On a macro level, if unemployment were as low as 4.5%, labor would have more bargaining power, which is inconsistent with widely reported stagnant wages.
On a micro level (yes, this is anecdotal), there are way way too many people over 40 who are un- or underemployed, or “retired” at a modest level when they’d rather be working. If you lose that corporate meal ticket, it is an long way down. In most cases, mid to senior corporate employees and professionals have narrow skills that can only be deployed in roles similar to the one they lost. And companies are onservative in how they hire (another sign of a slack labor market, since if it were hard to find workers, they’d have to accept employees who were a less than exact fit).

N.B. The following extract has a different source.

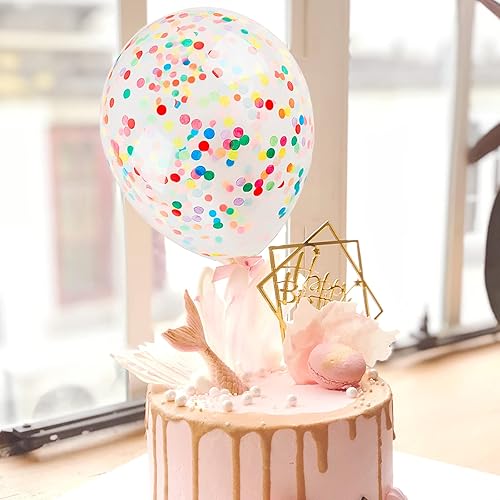 Miniatura 7 de Globos de confeti rosa, 40 globos transparentes de 5 pulgadas con confeti en el interior para graduación, compromiso, decoración de pasteles,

One of many tidbits from the other end of the employment spectrum: over 5000 people applied for 300 jobs at Apple’s new Fifth Avenue store in Manhattan. Now perhaps many of them were employed in retail elsewhere and wanted what they thought was a kinder and cooler environment, but no matter how you dress it up, this is a on-your-feet-all-day, low-end job. Note that other large store openings in the New York metro area get similar overwhelming responses even though the BLS says the unemployment rate here is on par with the national level.
Back to Ritholtz:
So long as we are popping economic myths, let’s also dispatch with the 4.5% unemployment rate. That number has been largely caused by several million exhaustees and others simply leaving the work force:The actual unemployment rate is closer to 6.5%. And if we measured it the way the Europeans do, its closer to 8%. This explains why wages and labor costs have remained subdued despite the alleged 4.5% UE measure.







Yves, thank you for your many trenchant posts. Your blog is a recent discovery – and a treasured one, along with Calculated Risk, and several others blogs covering similar topics – in helping make sense of the recent perturbations in financial markets.
Regarding US consumer price inflation, as measured by the Bureau of Labor Statistics’ CPI variants, you might find of interest John Williams’ “shadow statistics”, http://www.shadowstats.com/.
Williams believes that, if the BLS calculated inflation using the same manner that they did back in 1980, the last year of the Carter Administration, we’d have been seeing 8-10% year-over-year official CPI over the last decade (see http://www.shadowstats.com/imgs/sgs-cpi.gif); if it were calculated the same as it was in 1990, annual increases would have been in the 4-7% range (see http://www.shadowstats.com/imgs/chartSGS01-35.gif).
Williams’ “reworkings” of the CPI are of course subject to dispute, but there is ample evidence that multiple statistical adjustments since 1980 have cumulatively reduced reported CPI, making apples-to-apples comparisons with past, official inflation rates extremely difficult.